DVD's In Brief 4146
The folks at Dreamworks are probably feeling fairly cocky right now; Disney's lackluster CGI debut Chicken Little makes Dreamworks' latest CGI outing, Madagascar (Universal), look significantly better by comparison. The story of four pampered zoo-animal friends (including a lion voiced by Ben Stiller and his zebra buddy-slash-potential-entrée Chris Rock) who accidentally wind up out in the wild isn't a timeless classic, but it's energetic fun with a surprisingly savage twist, and its animation looks marvelous compared to Chicken Little's simplistic style…
Synergistic soundtracks are a common prerequisite for studio pictures with corporate ties to a major record label, but few films have gone to the ludicrous extremes of Stealth (Columbia Tristar), which features an evil A.I.-controlled plane that can download Incubus songs off the Internet. Though W.D. Richter's original script was intended as a moral inquiry into civilized nations raining death from above, director Rob Cohen has refashioned it into an action thriller made for those who found Top Gun too intellectually tasking…
Kate Hudson, John Hurt, Peter Sarsgaard, and Gena Rowlands are the highbrow thespians picking up paychecks in The Skeleton Key (Universal), a spectacularly silly, not particularly scary voodoo thriller set deep in the bayou. No, it isn't remotely redeemed by the obligatory mildly clever final plot twist, courtesy of screenwriter Ehren Kruger. K-Pax frightmaster Iain Softley directs…
Don Roos' The Opposite Of Sex and Bounce walk a fine line between glib and earnest, usually erring on the side of glib. The ambitious, character-packed Happy Endings leans the other way, and while it's uneven and unwieldy, it also goes down a lot easier than Roos' other films, thanks to top performances from Maggie Gyllenhaal, Jason Ritter, Bobby Cannavale, and Tom Arnold. Yes, that Tom Arnold. He's really good here…

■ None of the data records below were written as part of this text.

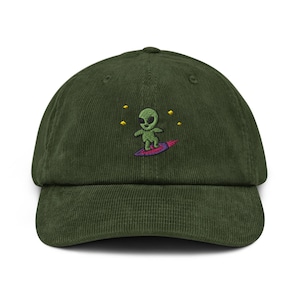 Little Green Alien surfer geborduurde katoenen corduroy hoed: verstelbare pasvorm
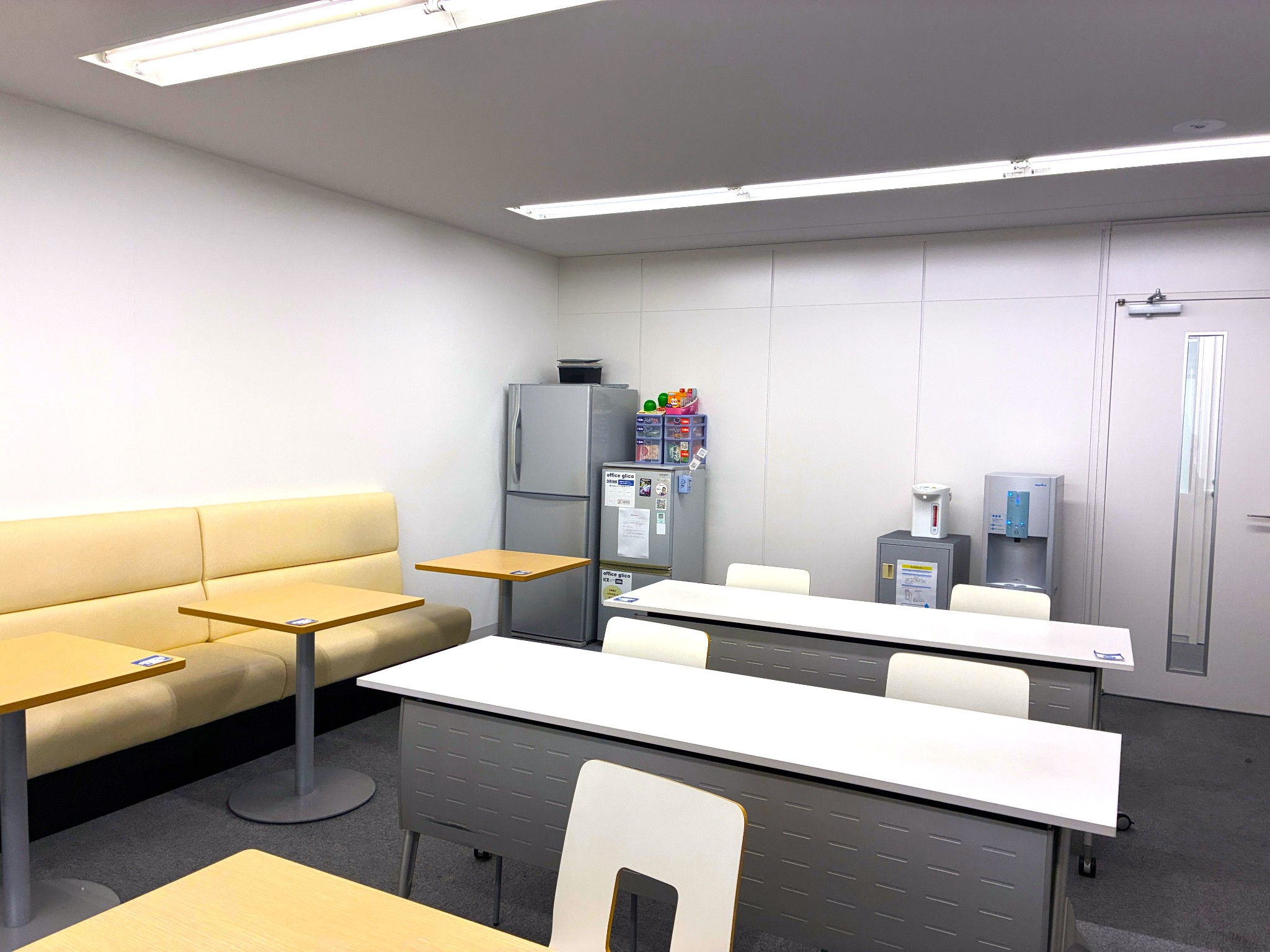 【高時給1400円★】研修あり＊事務センターSTAFF★社員実績あり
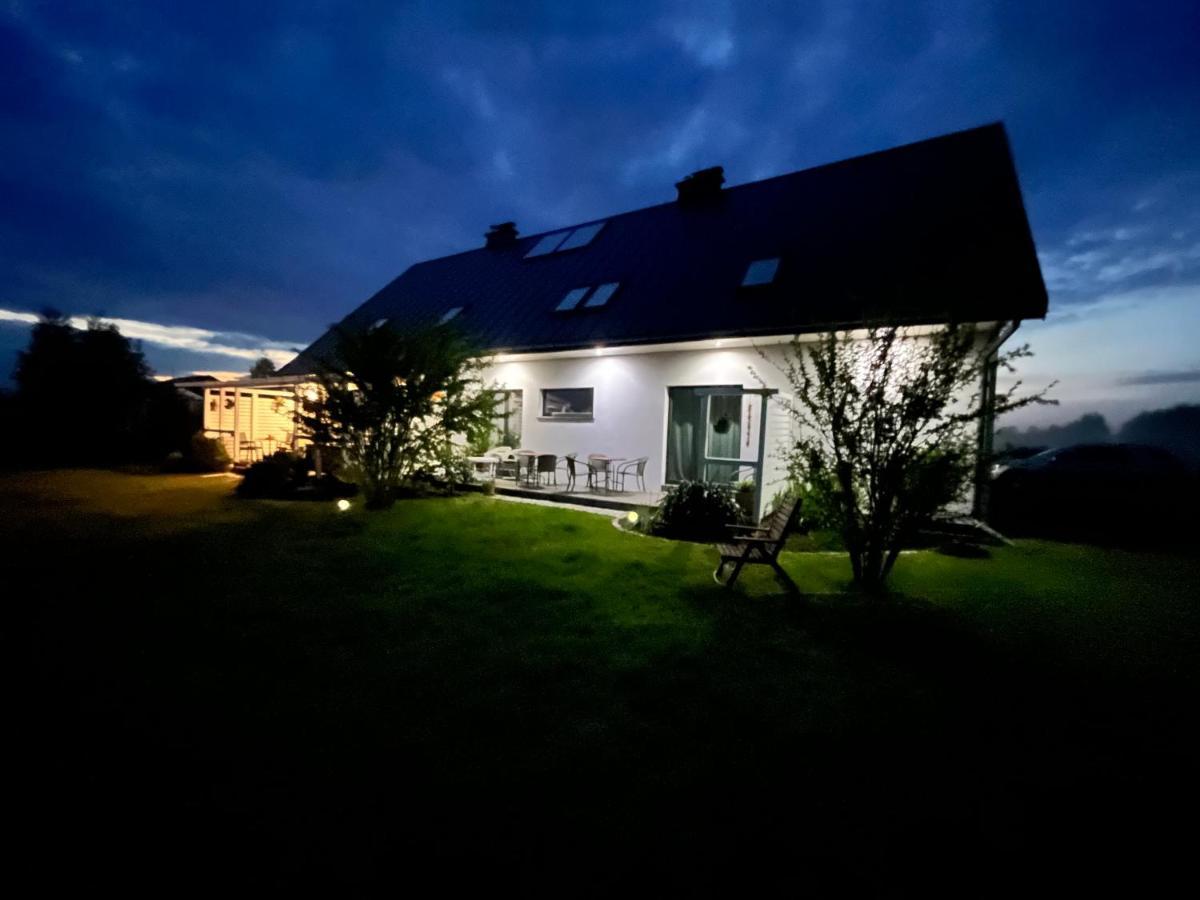 Dom W Trawach Apartment Smoldziński Las Bagian luar foto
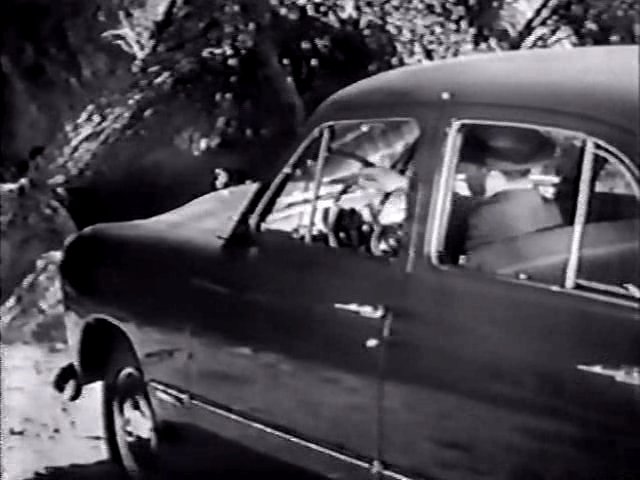 1949 Ford Custom Fordor Sedan [73B]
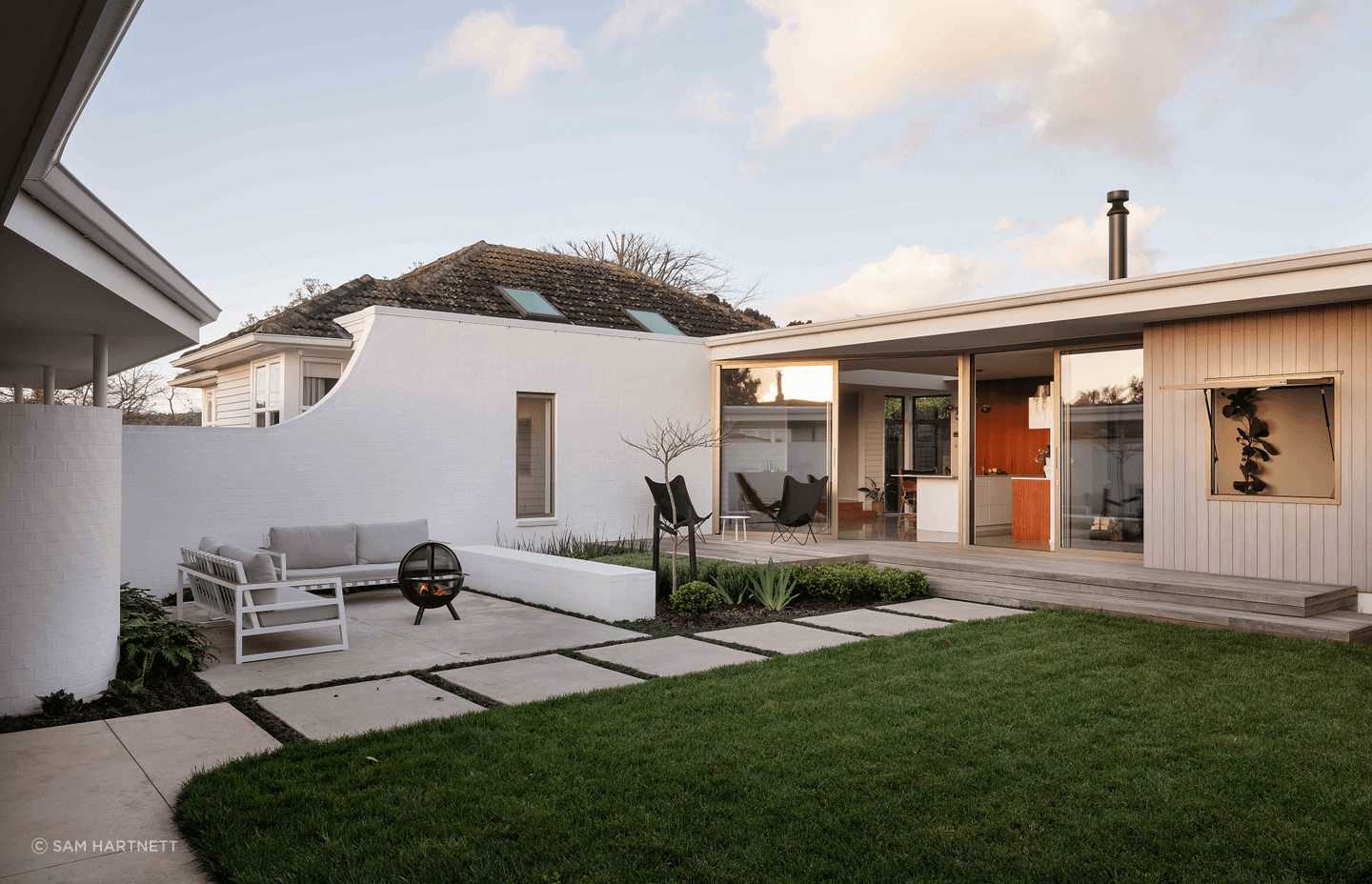 The new extension features champagne anodised aluminium joinery for a mid-century flavour.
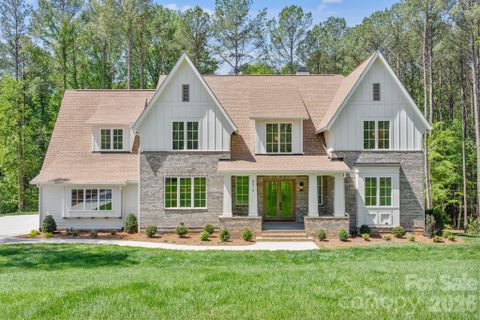 8016 Gulf Creek Road active home in Riverchase Estates, Lancaster, SC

Featuring as many footnotes, allusions, spontaneous flashbacks, and colorful asides as a David Foster Wallace novel, Arnaud Desplechin's exhilarating mess Kings & Queen (Wellspring) plays like a throwback to the anything-goes spirit of the French New Wave. Told in two long chapters and an epilogue, centering on a twice-divorced single mother (Emmanuelle Devos) and her manic ex-boyfriend (Mathieu Amalric), the film is an overflowing repository of ideas, not all of them great, but plenty worth consideration.